EQT Corp. said in a regulatory filing on Monday it may incur a steep one-time impairment of up to $1.8 billion for the fourth quarter due to a new development plan and low natural gas prices.
Under a new management team that took over last July, the nation’s largest natural gas producer is aiming to aggressively cut debt and realign operations to boost performance and value. Management has outlined plans to cut debt by $1.5 billion by mid-2020, which it expects to achieve with a mix of initiatives, including asset sales.
The monetization, along with a decrease in the value of its reserves and the writedown of unproven properties no longer in the development plan, is likely to result in a 4Q2019 impairment of $1.4-1.8 billion, the company said in a Form 8-K filed with the U.S. Securities and Exchange Commission.

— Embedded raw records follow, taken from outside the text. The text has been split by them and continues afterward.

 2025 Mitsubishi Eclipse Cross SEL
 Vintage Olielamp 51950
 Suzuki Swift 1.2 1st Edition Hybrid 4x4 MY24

The figure could change as year-end results are finalized.
EQT also said that it would spend between $1.25-1.35 billion this year, or $50 million less than the budget issued in October, “reflecting continued operational efficiencies.” That would put the producer on track to spend nearly $600 million less than in 2019. The company also slightly tweaked priorities for the year, indicating 65% of capital expenditures would be for the Marcellus Shale in Pennsylvania, 20% would go toward the Utica Shale in Ohio and 15% would be spent in the West Virginia Marcellus.
Fourth quarter production is expected to average 370-375 Bcfe, or toward the high-end of previously announced guidance, according to preliminary estimates. The company produced 394 Bcfe in the year-ago period and 381 Bcfe in 3Q2019. It is guiding for 1.45-1.50 Tcfe of production this year, roughly flat to 2019 levels.
Averaged realized prices are also expected to average $2.51-2.56/Mcfe in 4Q2019, or below the 4Q2018 average of $3.13/Mcfe.
EQT also said Monday it would offer two new series of fixed rate senior notes. Moody’s Investors Service downgraded the company following Monday’s filing.
“EQT’s significantly weakening cash flow metrics in light of the persistent weak natural gas price environment and the company’s intent to refinance its 2020 maturities in lieu of debt reduction through repayment drives the ratings downgrade,” said Moody’s senior analyst Sreedhar Kona. “Although the company is pursuing several avenues to reduce debt and enhance its cash flow, the execution risk involved in those initiatives is reflected in the negative outlook.”
Operators across Appalachia are expected to slash spending this year and curb output in the years ahead as prices are earthbound on a glut of natural gas. Range Resources Corp., another Appalachia-focused operator, last week said it would cut year/year spending by nearly 30% and said a “significant noncash impairment charge” is likely for properties in North Louisiana.
Chevron Corp. also said last month that it expects up to an $11 billion impairment for the fourth quarter, with more than half related to its Appalachian assets. The company also said it’s evaluating strategic alternatives for its properties in the Northeast.
Other operators such as Cabot Oil & Gas Corp. with leading positions in Appalachia have cautioned that their preliminary outlooks for 2020 could be revised lower if the natural gas strip doesn’t improve.